Mumsnet has not checked the qualifications of anyone posting here. If you need help urgently or expert advice, please see our domestic violence webguide and/or relationships webguide. Many Mumsnetters experiencing domestic abuse have found this thread helpful: Listen up, everybody

He shared private pictures online

607 replies

feelingexposed · 08/04/2021 15:32

Hello, I am actually very embarrassed to post this but needed to know if its happened to others and get some advice.

My husband has been taking pictures of me in private for years, sometimes sneaky ones other times he asks me to let him. As you can imagine i am in various stages of dressed in them, usually not at all. I didnt like it but let it slide because I thought all hubbies do that kind of thing.

This was okay until last week, some stranger messaged me on FB and was saying pervy comments and then sent me a picture of myself, fully nude asleep. I flipped out big time and asked him where he got it. Apparently he got it on an image sharing site when men share pics of their wives. I blocked the person and rang my husband immediately. He was really panicked and told me the whole story.

For the past 2 years he has been sharing my pictures on forums and websites specifically for unaware wives, he says he really enjoys it and it helps him de-stress and get off. He then said he has never shared my details and gave me a fake name (as if that made it okay). We have been trying to have a child for a number of years now and he claims it helps him manage his EJs. He said he never meant to hurt me and he is really sorry i found out.

What on earth do I do now? hundreds of men have seen these pictures and I love my husband so its really hard to make any decisions or talk to him right now. AIBU or is this justified? he has never cheated or anything like that.

Help

OP posts:
Uninspiredusername · 08/04/2021 16:14

I’m so sorry this has happened to you OP. What an appalling invasion of privacy from the person who is meant to be closest to you.

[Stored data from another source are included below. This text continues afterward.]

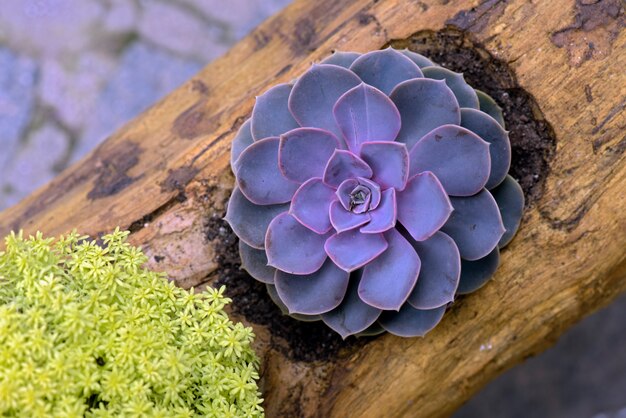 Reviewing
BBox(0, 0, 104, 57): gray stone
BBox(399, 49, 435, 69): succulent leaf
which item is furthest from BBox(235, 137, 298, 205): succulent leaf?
BBox(0, 0, 104, 57): gray stone

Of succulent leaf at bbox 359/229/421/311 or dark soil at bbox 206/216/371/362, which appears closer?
succulent leaf at bbox 359/229/421/311

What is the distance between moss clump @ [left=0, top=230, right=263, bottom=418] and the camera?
1346 mm

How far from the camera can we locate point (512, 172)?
1.84 metres

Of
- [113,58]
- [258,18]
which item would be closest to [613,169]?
[258,18]

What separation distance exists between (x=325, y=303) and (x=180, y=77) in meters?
2.11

And I can’t imagine the shock of being contacted like that either. Sad
I would definitely get advice from somewhere like the police to see what action you can take. I don’t think I could personally have children or a future with someone like this, no matter their excuse, but that’s your decision to make.
Don’t let him undermine your reaction or try to make excuses though. You have every right to be hurt and upset (I mean, stronger words needed really!!)

shouldistop · 08/04/2021 16:14

Imagine he shared pictures of you pregnant, growing his child, for other vile men to wank over.

MrsGRamsay · 08/04/2021 16:15

I am so incensed on your behalf. A stranger, found you on FaceBook because your husband posted a picture of you - taken without your consent - on a website that has been set up specifically for that behaviour? I would find every device that he has, smash it to pieces, run said bits through hottest washing machine cycle and then make him eat it.

This obviously wouldn’t solve issue because pics are out there forever but would make me feel better as I kicked his arse out of the door.

What an effing wan@£ - a random stranger has found you on the internet; how can you be confident he can’t find you in real life?

I am so disgusted - I know if it had happened to me I would get police / legal advice.

So sorry OP but how could you trust this absolute tosser with anything in the future?

trevthecat · 08/04/2021 16:15

I'm genuinely concerned that you don't want to throw this relationship away.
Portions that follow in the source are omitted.